# remove compilation of packages for faster compilation



## alxjns (Jul 9, 2010)

Hi,
I am very new to freebsd. I am building a kernel and filesystem for my ARM based board. Everything is fine but I need to reduce the compilation time. I want remove compilation of some packages and libraries that are not required. This will help in reducing my filesystem size and also compilation time.

Where can I select what packages to compile and what not to compile?


----------



## aragon (Jul 9, 2010)

Well, for packages you simply exclude them from your build script.  How are you building packages?

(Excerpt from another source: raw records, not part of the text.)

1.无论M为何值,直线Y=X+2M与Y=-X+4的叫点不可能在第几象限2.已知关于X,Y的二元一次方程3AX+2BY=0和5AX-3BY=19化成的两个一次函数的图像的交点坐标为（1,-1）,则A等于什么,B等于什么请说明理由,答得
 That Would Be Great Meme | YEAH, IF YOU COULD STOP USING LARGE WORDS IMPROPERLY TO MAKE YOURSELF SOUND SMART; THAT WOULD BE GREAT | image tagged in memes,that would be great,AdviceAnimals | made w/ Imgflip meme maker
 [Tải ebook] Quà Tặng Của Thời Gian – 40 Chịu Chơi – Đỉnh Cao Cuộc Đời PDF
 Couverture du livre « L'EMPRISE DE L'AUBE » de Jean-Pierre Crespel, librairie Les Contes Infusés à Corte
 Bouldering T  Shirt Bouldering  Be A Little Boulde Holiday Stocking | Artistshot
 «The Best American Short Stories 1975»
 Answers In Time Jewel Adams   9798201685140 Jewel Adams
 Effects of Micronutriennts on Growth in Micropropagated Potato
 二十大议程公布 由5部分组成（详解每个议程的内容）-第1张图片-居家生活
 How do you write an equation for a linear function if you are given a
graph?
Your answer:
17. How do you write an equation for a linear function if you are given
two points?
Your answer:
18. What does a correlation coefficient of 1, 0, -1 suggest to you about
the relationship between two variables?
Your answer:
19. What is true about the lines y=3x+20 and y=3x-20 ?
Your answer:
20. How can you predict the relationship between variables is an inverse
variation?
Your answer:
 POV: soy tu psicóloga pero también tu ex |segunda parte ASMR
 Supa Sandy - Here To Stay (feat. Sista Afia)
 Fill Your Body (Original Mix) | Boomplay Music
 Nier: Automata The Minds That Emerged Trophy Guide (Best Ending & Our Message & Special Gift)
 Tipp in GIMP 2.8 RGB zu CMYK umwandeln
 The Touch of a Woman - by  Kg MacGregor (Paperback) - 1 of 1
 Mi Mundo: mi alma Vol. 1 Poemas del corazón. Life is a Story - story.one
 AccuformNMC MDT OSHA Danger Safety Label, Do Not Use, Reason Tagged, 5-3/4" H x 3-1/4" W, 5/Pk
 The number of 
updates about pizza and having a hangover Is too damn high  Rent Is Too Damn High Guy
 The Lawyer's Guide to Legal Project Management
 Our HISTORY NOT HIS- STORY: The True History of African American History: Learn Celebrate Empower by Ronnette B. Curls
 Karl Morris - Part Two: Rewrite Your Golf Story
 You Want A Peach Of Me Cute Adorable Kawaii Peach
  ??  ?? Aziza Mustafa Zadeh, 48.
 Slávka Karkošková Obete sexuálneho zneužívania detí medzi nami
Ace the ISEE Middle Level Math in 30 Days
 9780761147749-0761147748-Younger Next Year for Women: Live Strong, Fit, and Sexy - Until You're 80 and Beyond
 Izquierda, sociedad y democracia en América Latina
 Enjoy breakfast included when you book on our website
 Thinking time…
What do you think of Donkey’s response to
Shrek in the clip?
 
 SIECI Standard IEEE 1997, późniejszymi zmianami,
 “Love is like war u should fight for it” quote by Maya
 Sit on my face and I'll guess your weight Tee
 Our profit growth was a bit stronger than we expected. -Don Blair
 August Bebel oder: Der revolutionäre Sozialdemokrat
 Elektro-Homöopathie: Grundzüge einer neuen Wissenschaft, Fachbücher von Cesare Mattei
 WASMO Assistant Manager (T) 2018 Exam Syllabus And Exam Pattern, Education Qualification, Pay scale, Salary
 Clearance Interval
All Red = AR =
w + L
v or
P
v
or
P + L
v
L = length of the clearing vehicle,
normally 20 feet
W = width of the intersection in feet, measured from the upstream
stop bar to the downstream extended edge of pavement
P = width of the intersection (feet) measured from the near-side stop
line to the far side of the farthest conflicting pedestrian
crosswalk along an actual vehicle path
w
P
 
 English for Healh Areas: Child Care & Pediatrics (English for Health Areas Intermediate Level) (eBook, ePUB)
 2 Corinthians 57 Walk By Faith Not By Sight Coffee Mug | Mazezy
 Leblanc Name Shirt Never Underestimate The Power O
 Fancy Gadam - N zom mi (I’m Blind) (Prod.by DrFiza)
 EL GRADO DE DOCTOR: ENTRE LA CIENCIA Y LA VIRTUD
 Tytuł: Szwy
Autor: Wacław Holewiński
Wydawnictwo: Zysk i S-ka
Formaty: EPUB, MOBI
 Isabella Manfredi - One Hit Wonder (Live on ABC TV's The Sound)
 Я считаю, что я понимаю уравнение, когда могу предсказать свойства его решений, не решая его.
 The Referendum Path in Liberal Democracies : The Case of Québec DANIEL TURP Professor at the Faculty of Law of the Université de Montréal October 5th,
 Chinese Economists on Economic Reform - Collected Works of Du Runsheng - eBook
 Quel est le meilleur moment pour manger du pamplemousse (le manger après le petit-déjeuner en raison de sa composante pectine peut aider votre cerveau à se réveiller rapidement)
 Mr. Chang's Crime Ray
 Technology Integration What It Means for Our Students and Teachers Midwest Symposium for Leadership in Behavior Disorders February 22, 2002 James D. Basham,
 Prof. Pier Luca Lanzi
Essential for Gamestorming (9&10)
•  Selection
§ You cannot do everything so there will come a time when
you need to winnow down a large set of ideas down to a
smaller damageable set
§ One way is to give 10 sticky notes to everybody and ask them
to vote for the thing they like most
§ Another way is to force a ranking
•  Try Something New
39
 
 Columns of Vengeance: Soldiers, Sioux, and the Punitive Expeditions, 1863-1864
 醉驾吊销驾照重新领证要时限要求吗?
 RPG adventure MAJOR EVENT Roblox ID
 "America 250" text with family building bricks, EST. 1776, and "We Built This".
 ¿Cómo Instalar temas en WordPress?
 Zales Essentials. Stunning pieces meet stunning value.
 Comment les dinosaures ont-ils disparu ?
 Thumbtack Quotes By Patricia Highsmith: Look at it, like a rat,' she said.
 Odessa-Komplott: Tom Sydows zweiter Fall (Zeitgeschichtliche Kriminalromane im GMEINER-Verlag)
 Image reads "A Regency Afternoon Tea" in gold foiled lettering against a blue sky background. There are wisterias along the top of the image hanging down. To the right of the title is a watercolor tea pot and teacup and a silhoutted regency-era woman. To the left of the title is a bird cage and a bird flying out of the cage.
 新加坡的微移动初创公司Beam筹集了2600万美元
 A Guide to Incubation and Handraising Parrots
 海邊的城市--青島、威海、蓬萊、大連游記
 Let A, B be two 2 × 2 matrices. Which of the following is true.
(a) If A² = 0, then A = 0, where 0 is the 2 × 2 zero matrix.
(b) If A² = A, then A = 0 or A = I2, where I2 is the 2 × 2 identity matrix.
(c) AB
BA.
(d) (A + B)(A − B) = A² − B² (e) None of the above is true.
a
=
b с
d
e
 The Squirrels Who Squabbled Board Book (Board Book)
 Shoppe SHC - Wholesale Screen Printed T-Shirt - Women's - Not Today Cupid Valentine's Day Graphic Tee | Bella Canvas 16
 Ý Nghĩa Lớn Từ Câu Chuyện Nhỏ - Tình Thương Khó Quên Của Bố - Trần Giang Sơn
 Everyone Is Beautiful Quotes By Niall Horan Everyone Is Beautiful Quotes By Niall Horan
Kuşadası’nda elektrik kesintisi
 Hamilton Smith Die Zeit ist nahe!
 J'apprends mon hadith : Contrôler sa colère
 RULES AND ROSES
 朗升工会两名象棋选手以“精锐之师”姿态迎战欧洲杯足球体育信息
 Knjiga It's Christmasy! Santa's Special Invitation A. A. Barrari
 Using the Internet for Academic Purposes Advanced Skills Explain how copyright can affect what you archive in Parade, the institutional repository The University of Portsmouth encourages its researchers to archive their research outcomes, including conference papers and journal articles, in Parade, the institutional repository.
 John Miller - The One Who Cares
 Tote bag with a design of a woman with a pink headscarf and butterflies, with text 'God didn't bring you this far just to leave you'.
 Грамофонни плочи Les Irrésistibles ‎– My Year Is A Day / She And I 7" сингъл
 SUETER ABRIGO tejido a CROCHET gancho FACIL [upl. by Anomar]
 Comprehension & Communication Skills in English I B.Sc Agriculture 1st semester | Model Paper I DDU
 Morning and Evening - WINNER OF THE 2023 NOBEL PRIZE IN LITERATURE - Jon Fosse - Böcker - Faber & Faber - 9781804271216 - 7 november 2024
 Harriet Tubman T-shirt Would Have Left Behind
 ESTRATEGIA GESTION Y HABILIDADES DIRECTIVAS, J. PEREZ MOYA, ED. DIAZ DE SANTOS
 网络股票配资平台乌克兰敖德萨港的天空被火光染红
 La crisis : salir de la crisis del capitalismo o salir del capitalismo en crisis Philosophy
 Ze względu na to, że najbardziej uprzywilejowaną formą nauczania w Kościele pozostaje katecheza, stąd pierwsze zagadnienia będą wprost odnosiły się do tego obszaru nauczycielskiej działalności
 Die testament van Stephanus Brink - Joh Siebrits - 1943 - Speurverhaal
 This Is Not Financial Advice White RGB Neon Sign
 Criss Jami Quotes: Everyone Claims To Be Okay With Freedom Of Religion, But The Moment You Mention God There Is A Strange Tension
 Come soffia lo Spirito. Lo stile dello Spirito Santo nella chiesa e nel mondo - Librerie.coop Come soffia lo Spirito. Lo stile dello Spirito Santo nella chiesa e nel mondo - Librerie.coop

If it's world components you want to disable from building, use /etc/src.conf and read src.conf(5).


----------



## alxjns (Jul 9, 2010)

I cannot find src.conf is etc. I am using "make buildworld" and "make installworld"


----------



## alxjns (Jul 9, 2010)

I have checked out the code from the svn head


----------



## SirDice (Jul 9, 2010)

The file doesn't exist by default. Which means everything will be build.


----------



## aragon (Jul 9, 2010)

alxjns said:
			
		

> I cannot find src.conf is etc.


Create it.


----------



## phoenix (Jul 9, 2010)

But read the man page first.


----------



## alxjns (Jul 13, 2010)

ok thanks for the info. I'll give try it out


----------



## ashwin_karanth (Jul 16, 2010)

hi which option did you tried in src.conf


----------



## alxjns (Jul 19, 2010)

Well I did not try many since I was preoccupied with other things. But I went through the man page and tried some options that I dont need like WITHOUT_INET6, WITHOUT_IPFILTER, WITHOUT_KERBEROS.


----------